Can someone please tell me how the garbage collection works using this example. The question is how many objects are eligible for garbage collection at the specified point in the program.

interface Animal {
void makeNoise();
}

class Horse implements Animal {
    Long weight = 1200L;
    public void makeNoise() {

        System.out.println("whinny");
   }
}

public class Icelandic extends Horse {
    public void makeNoise() {
        System.out.println("vinny");
    }

    public static void main(String[] args) {
        Icelandic i1 = new Icelandic();
        Icelandic i2 = new Icelandic();
        Icelandic i3 = new Icelandic();
        i3 = i1;
        i1 = i2;
        i2 = null;
        i3 = i1;
//**here**
    }
}

Take pen and paper and start drawing cirles and arrows.
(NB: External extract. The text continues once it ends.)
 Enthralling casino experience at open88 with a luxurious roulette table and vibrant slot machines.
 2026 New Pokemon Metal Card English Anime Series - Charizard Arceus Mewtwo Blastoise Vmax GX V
That's what helped me a lot understanding it. — Uooo, Aug 02 '13 at 12:46
Garbage collection is a whole subject in itself. You should search on google. Basically, an object is elligible for GC if it is not referenced anymore OR if the object belongs to an unreachable object cycle. — Arnaud Denoyelle, Aug 02 '13 at 12:53
Answering this properly requires a deep look into the Java Language Specification. I assume your "here" is actually supposed to be inside the main method, not after it, but that makes little difference - I'm pretty sure the answer is the same as "how many objects have been constructed". On the other hand a naive approach might assume i1, i2 and i3 are still in scope and prevent GC (I believe this is no longer true). — davmac, Aug 02 '13 at 12:53
Homework questions are OK, as long as they have relevance to some real world programming problem. Not sure this one does, though; it's basically a trivia question. — cHao, Aug 02 '13 at 13:05
@cHao Yeah, that's what I meant. There's a world of difference between "I'm having a little trouble with a university project and could use a few pointers" and "Do this text book exercise for me". This question reeks of the latter. — GordonM, Aug 02 '13 at 13:15
Not here to do your homework for you. Give us your best, justify it in every way, and we'll be happy to critique your justifications. — Richard Sitze, Aug 05 '13 at 01:59

score 2 · Answer 1 · answered Aug 02 '13 at 12:50

2

Objects become eligible for garbage collection when they are not reachable. Their reachability is explained in the following link.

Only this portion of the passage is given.